It actually happened: Silksong, the standalone sequel to Hollow Knight, has a release date. After seven years in development, and almost as many shrouded in silence, the game is coming out on September 4th. It’s welcome news for the millions of Hollow Knight fans who have been impatiently waiting. But it’s also part of a welcome trend: 2025 is shaping up to be the year that several long-in-development games finally see the light of day.
Joining Silksong later this year will be Metroid Prime 4: Beyond. While it doesn’t have a specific release date, the shooter is part of Nintendo’s steady stream of releases for the first year of the Switch 2. The game has been in development so long it’s releasing on both versions of the Switch. It was first announced in 2017, but in 2019, Nintendo said that it was rebooting development of the game, with original Prime studio Retro taking over the project. Five years went by before the game appeared again, with the new subtitle Beyond, and earlier this year, it was confirmed as a Switch 2 title.

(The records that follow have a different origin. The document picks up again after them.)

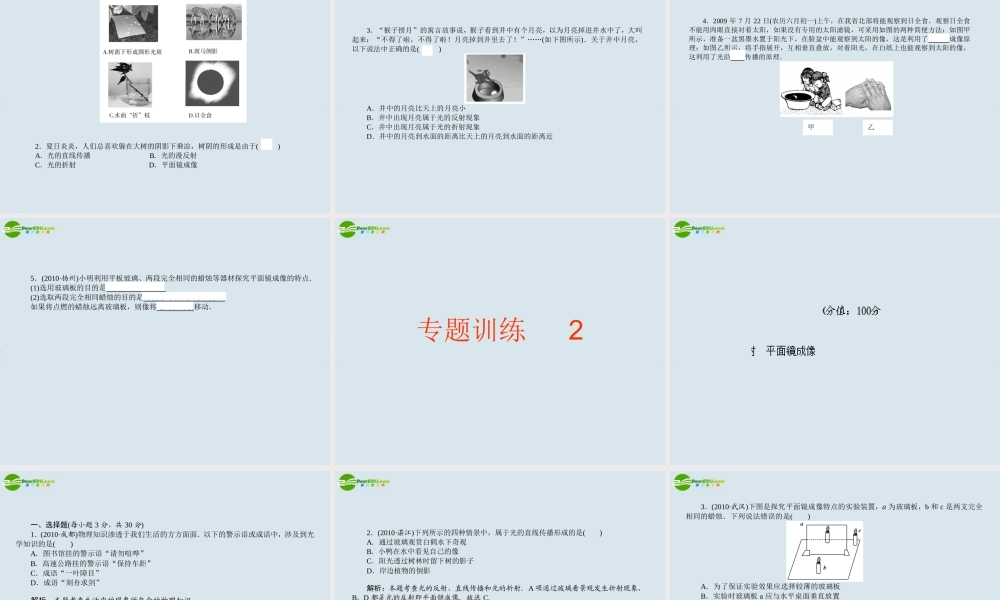 中考物理专题2　光的传播和反射 平面镜成像复习课件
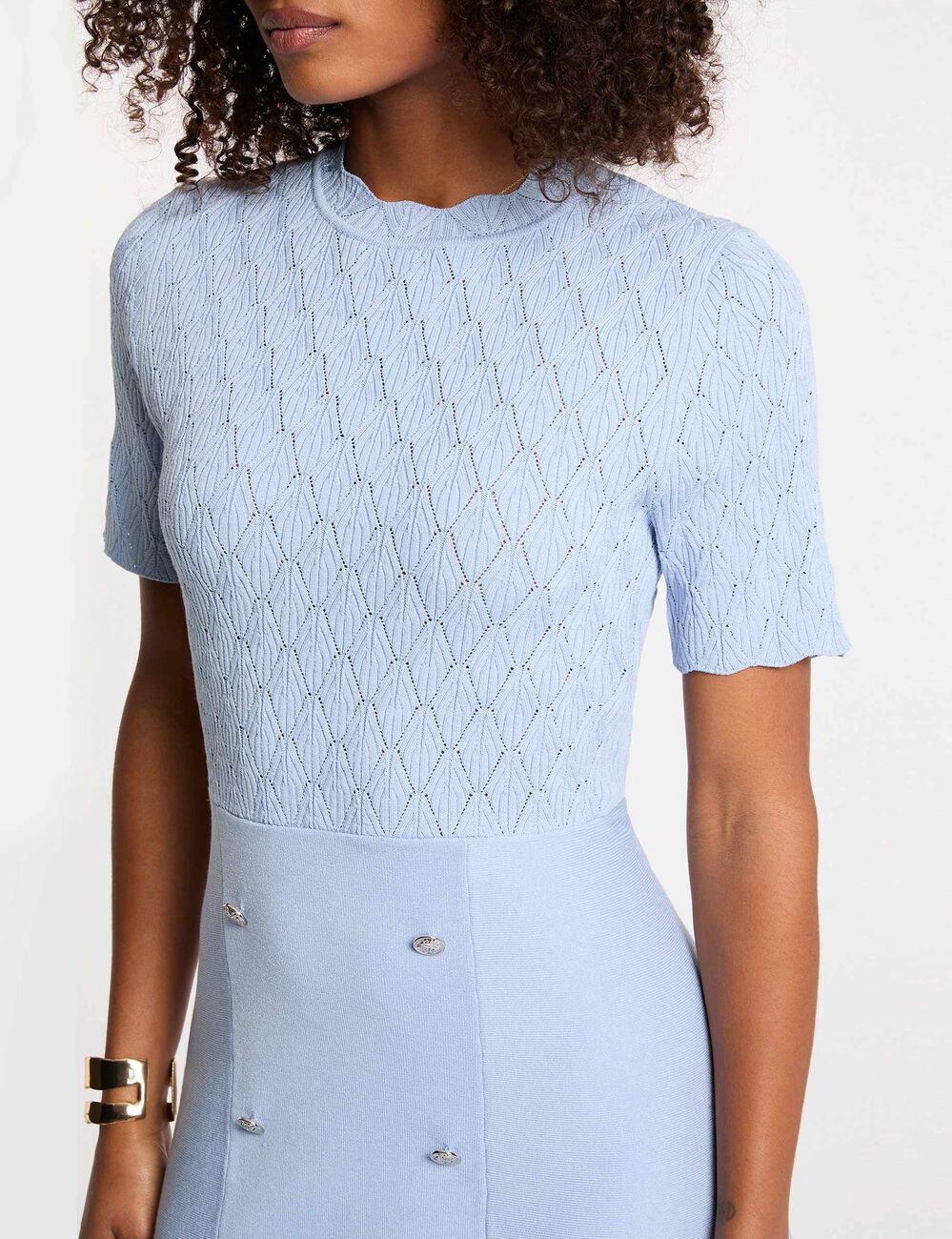 Robe tricot courte col rond bleu ciel femme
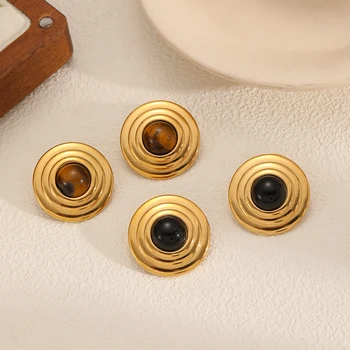2025 New Design Natural Stone Stainless Steel Round Stud Earrings for Women 18k Gold Plated Waterproof Jewelry Gifts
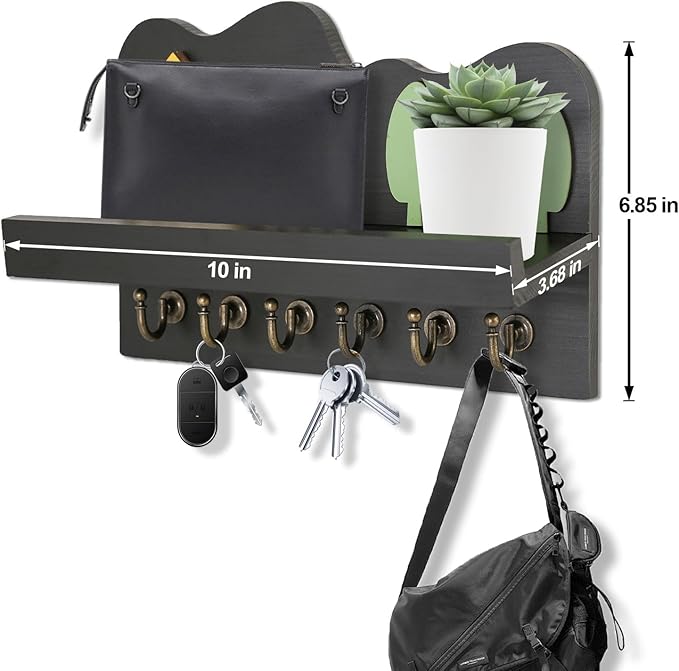 Cute Key Holder, Decorative Key Holder for Wall, Little House Design Key and Mail Holder for Bags, Umbrella, Mail, Wallet and Dog Leash - Farmhouse Key Hooks Wall Mount for Entryway
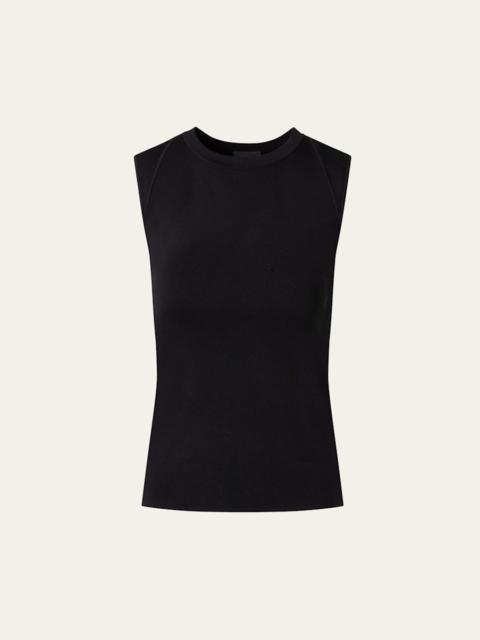 AKRIS Sleeveless Fitted Silk Stretch Knit Top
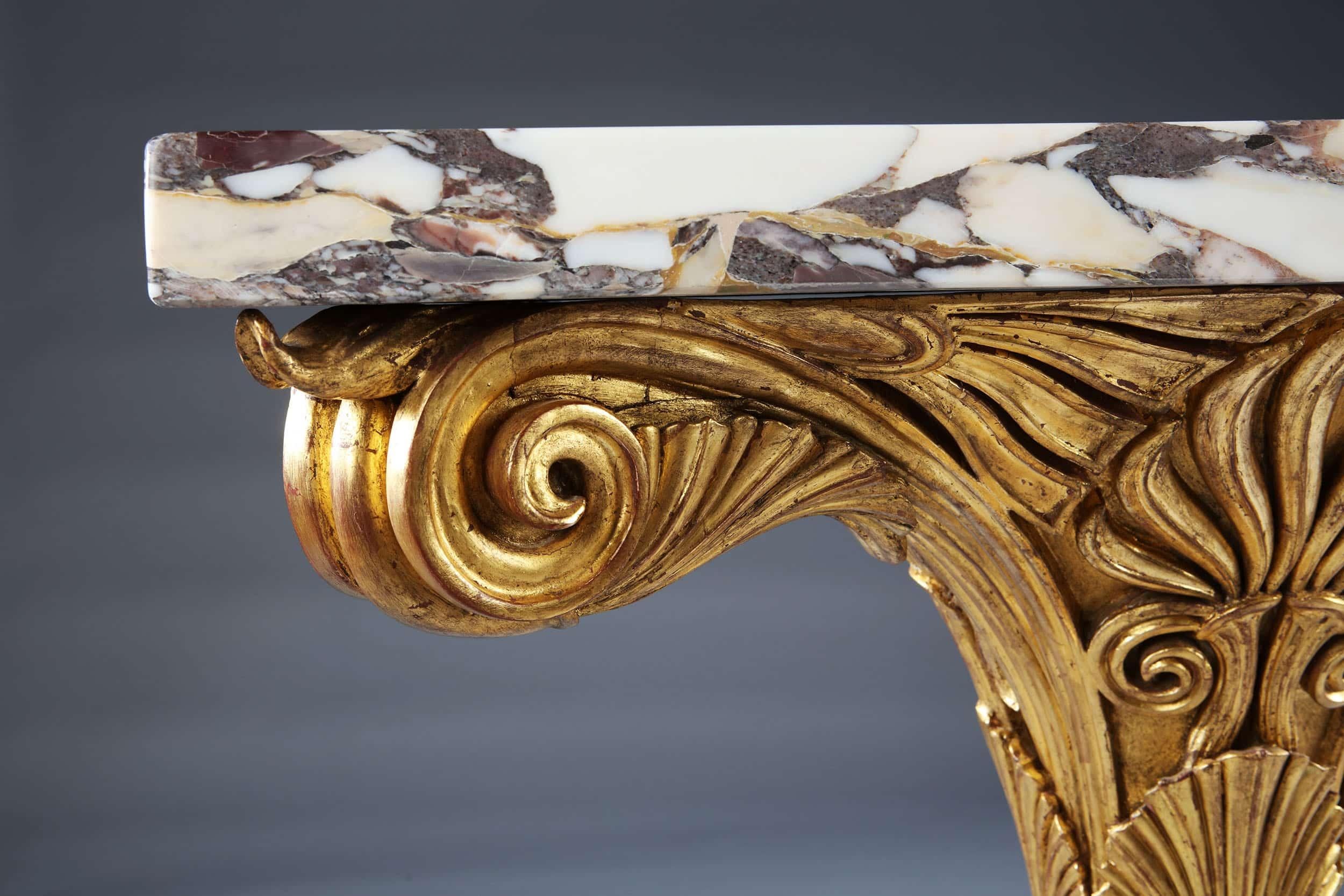 Carved Pair Of Antique Neo Classical Giltwood And Marble Monopedia Console Tables For Sale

The development of Routine from Lunar Software has been similarly protracted. I originally wrote about this ’80s-style indie horror game in 2012, and at one point it had been planned for a 2016 launch. That obviously didn’t happen, and six years later the game was “re-revealed” with a new trailer and the news that Swedish label Raw Fury would be publishing it. Then, earlier this week, slightly hidden among all of the trailers and reveals during Gamescom’s Opening Night Live keynote, was confirmation that barring any more delays, Routine would be launching later in 2025.
While both Routine and Metroid Prime 4 seem to have suffered from the technical and design difficulties that can plague the development of big, complex games — at one point Nintendo’s senior managing executive officer Shinya Takahashi called Metroid’s development “very challenged” — that hasn’t been the case for Silksong. It’s just a game being built by a small team who were able to take a slow and steady approach. “It was never stuck or anything,” Team Cherry co-founder Ari Gibson told Bloomberg. “It was always progressing. It’s just the case that we’re a small team, and games take a lot of time. There wasn’t any big controversial moment behind it.”

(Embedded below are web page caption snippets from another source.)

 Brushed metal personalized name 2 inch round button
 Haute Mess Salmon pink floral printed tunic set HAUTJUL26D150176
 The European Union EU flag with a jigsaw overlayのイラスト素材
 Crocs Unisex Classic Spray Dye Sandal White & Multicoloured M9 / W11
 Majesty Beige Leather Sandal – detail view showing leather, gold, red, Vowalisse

Of course, there’s another long-in-the-works game that was originally slated to launch in 2025 but has since been pushed back: Grand Theft Auto VI. Rockstar released the first trailer for the game at the end of 2023, a decade after the launch of GTAV, and initially planned to release VI in the fall of this year. It’s now supposed to come out on May 26th, 2026, so fans will have to continue to wait for that one.
But even without the blockbuster behemoth that is Grand Theft Auto, this year will be one that satiates many fans who have been eagerly awaiting a specific game. You could even throw the latest chapters of Deltarune onto that list. The real question is, with all of these games finally coming out, what’s next to obsess over? Is the sequel to Beyond Good & Evil really still alive? When will Stardew Valley’s creator launch his next game, Haunted Chocolatier? Will Knights of the Old Republic get its announced remake — or will Bloodborne get one at all? What’s up with the next Elder Scrolls and Half-Life 3? Let’s hope for more good news in 2026.